**ACTION ITEM:** Give the listing again word for word, excluding the pictures it contains.

**DATA EXCERPT:**
* * *
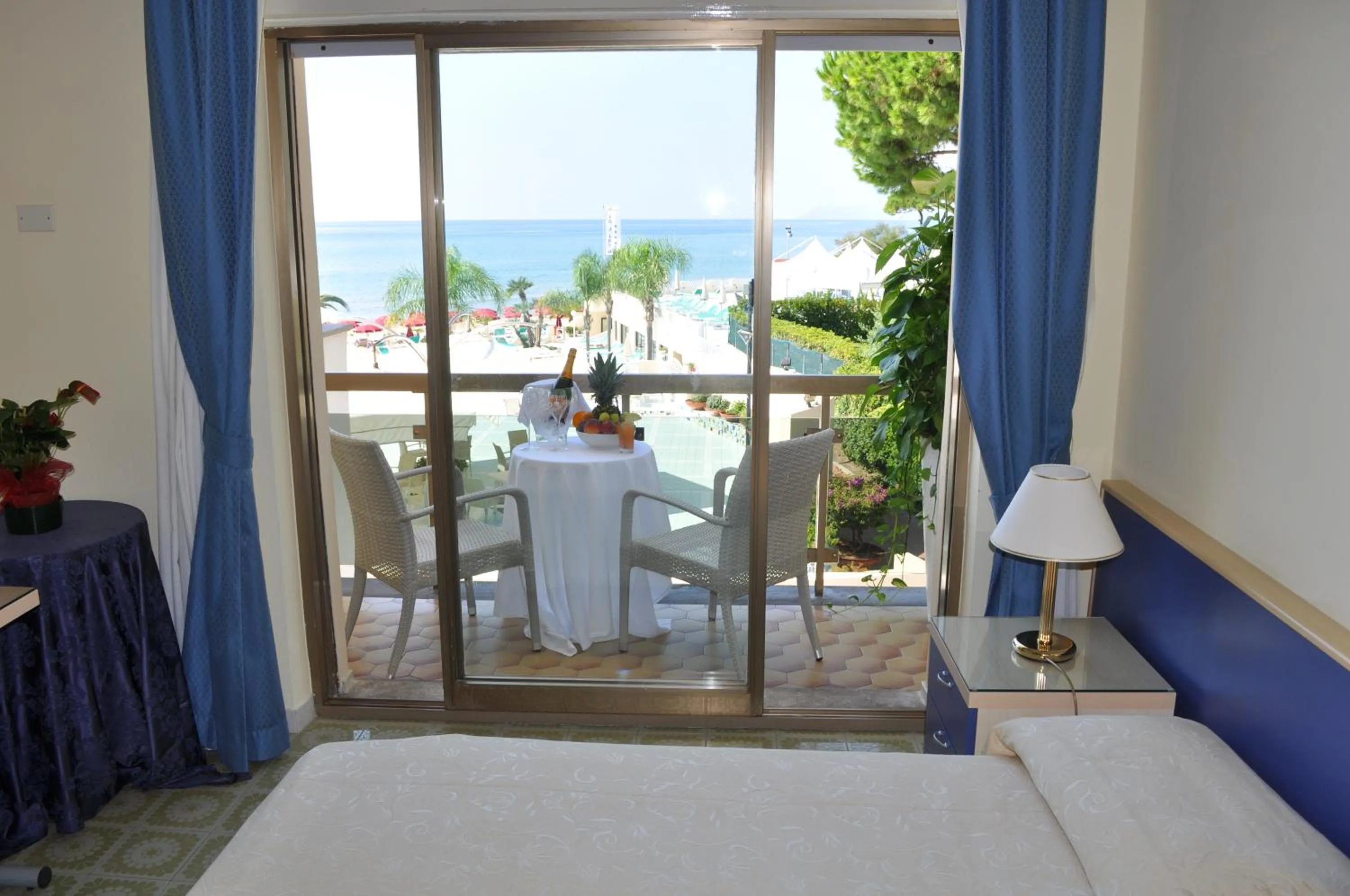 Bed in Hotel La Playa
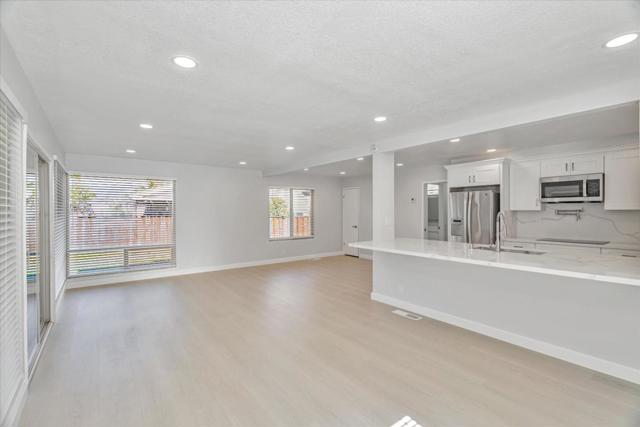 Image 16 of 63 For 5515 Century Manor Court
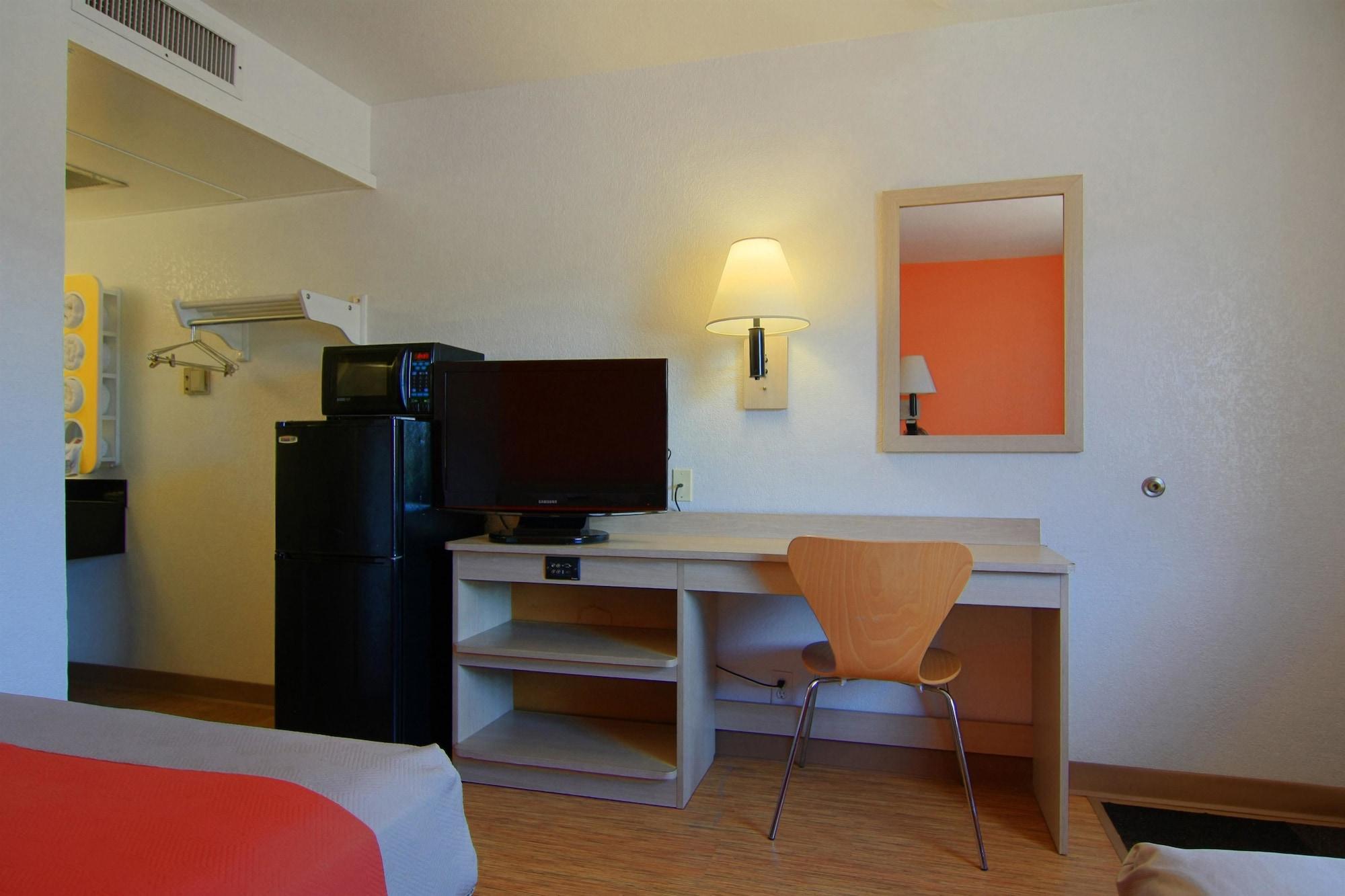 Hotel 6-rapid City, Sd 2*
* * *
**REPLY:**
 Bed in Hotel La Playa
 Image 16 of 63 For 5515 Century Manor Court
 Hotel 6-rapid City, Sd 2*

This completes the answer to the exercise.